*** DATA ***

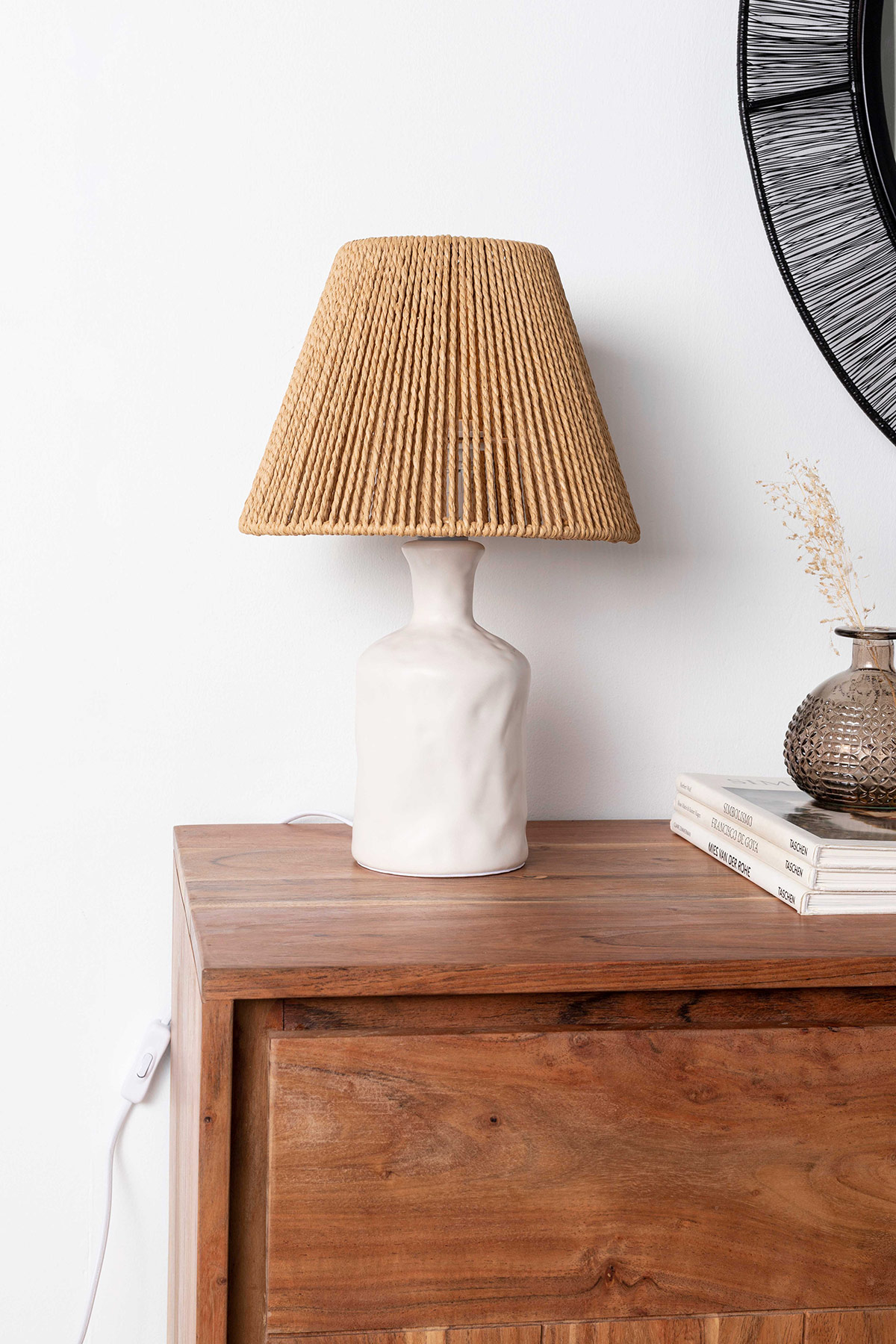 LÁMPARA DE SOBREMESA DE HILO DE PAPEL Y CERÁMICA 25x25x39cm - Imagen 2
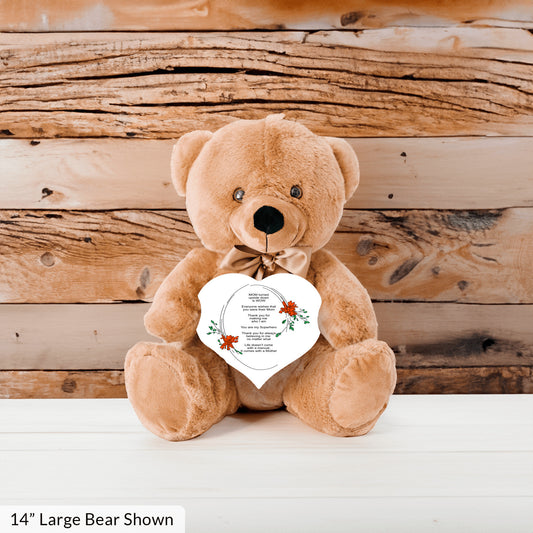 MOM Upside Down Is WOW - Teddy Bear With Heart Shaped Sign
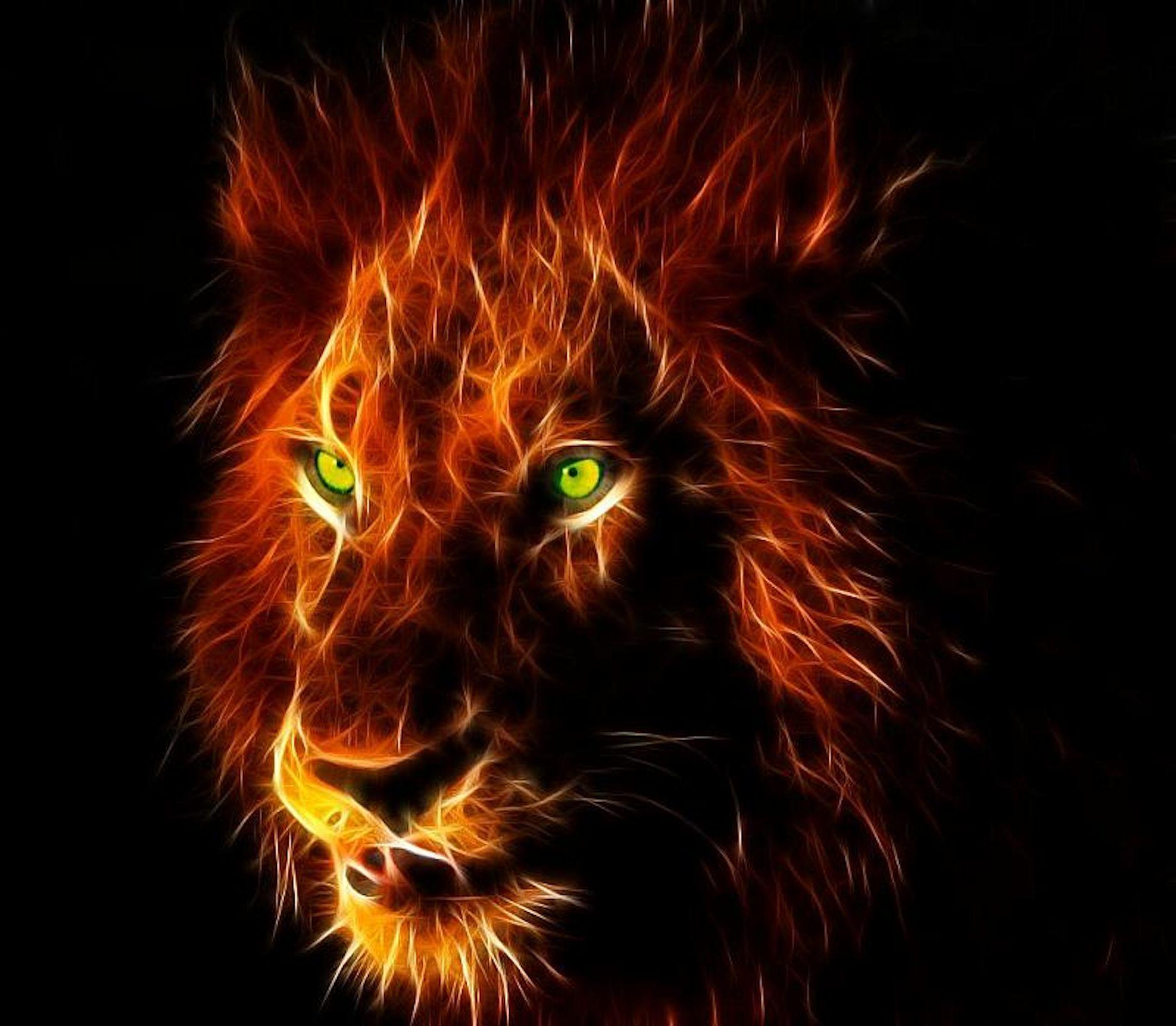 Animated Fire Lion Wallpaper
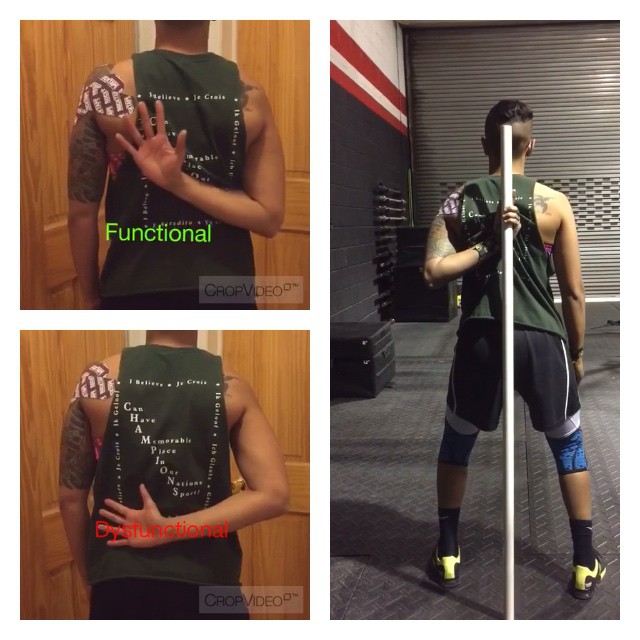 Dowel-assisted Shoulder Internal Rotation Stretch in Standing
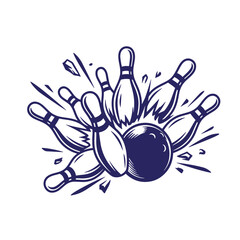 Fototapeta premium A dynamic bowling strike showing a ball hitting pins, causing them to fly in various directions with scattered debris, rendered in a blue line style on a clean wallpaper background, white background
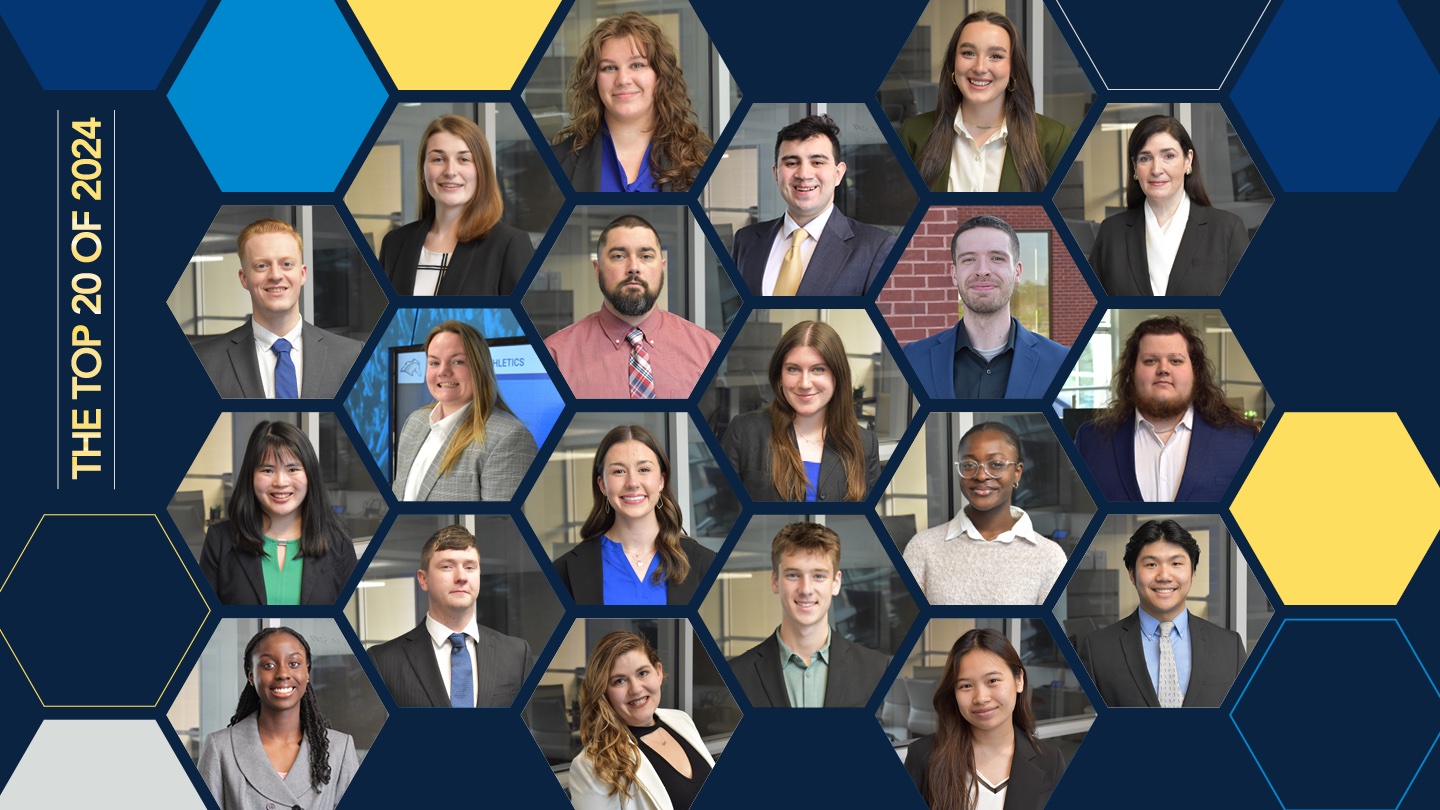 Top 20 undergraduate and graduate students from The University of Alabama in Huntsville (UAH) College of Business.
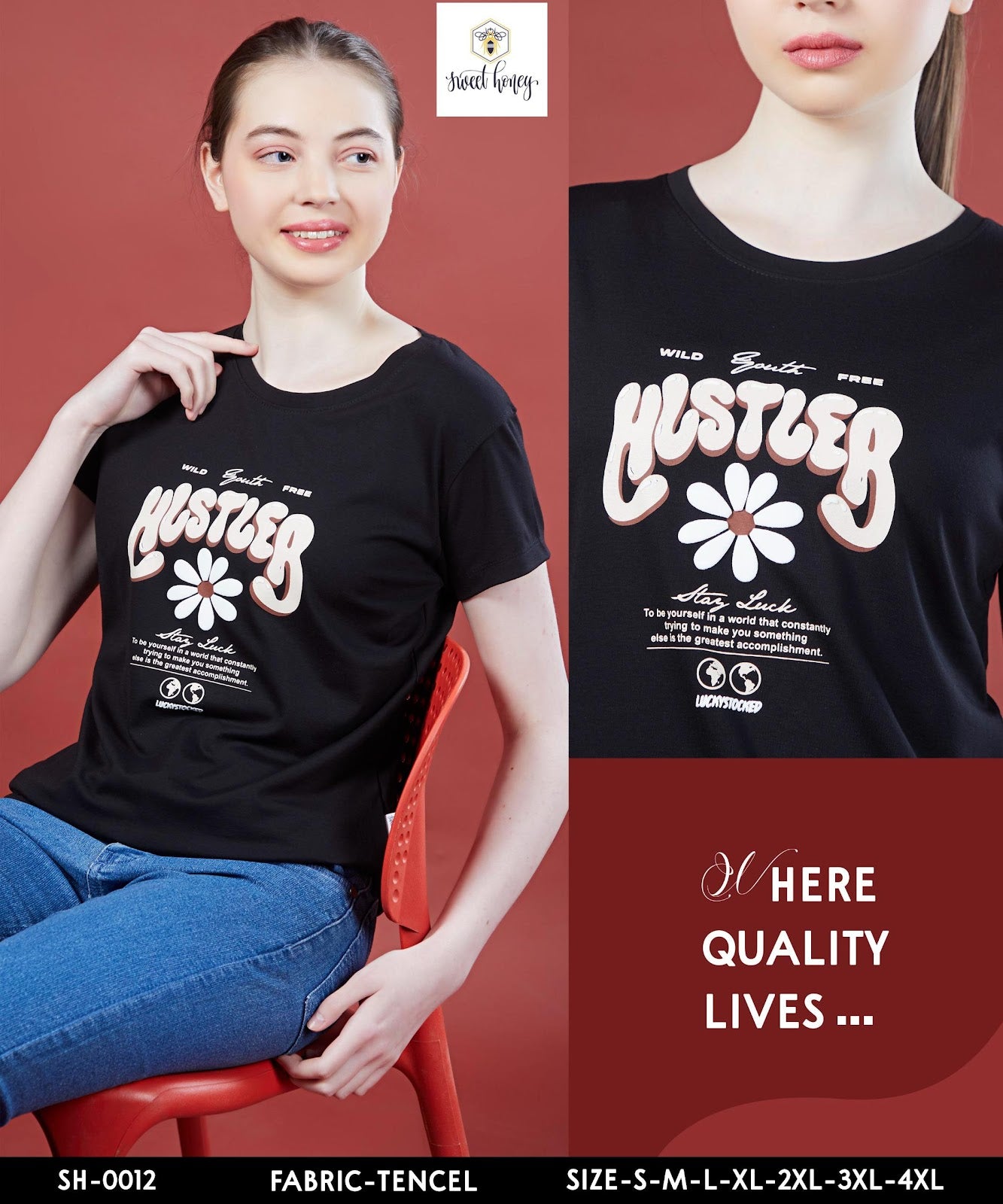 Sh 0012 Sweet Honey Imported Women Tshirt Manufacturer India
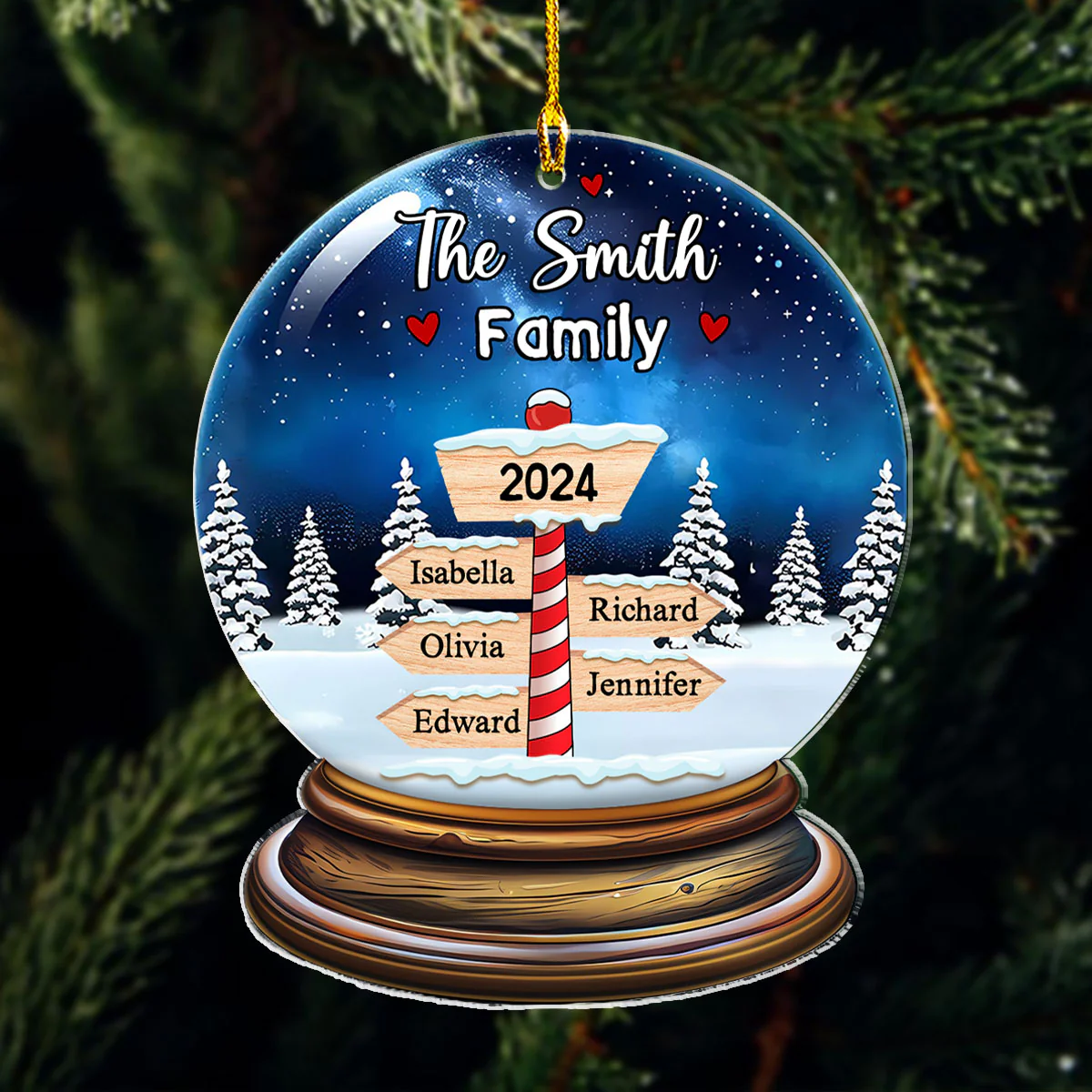 Snow Family - Personalized Custom Acrylic Ornament - Image 5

*** End of DATA ***

(TO DO): Using the data above, which lines fall from the one with "Dowel-assisted Shoulder Internal" through the one with "Top 20 undergraduate"? Repeat them exactly, ends included, minus any pictures.

(RESPONSE TO THE TASK):
 Dowel-assisted Shoulder Internal Rotation Stretch in Standing
 Fototapeta premium A dynamic bowling strike showing a ball hitting pins, causing them to fly in various directions with scattered debris, rendered in a blue line style on a clean wallpaper background, white background
 Top 20 undergraduate and graduate students from The University of Alabama in Huntsville (UAH) College of Business.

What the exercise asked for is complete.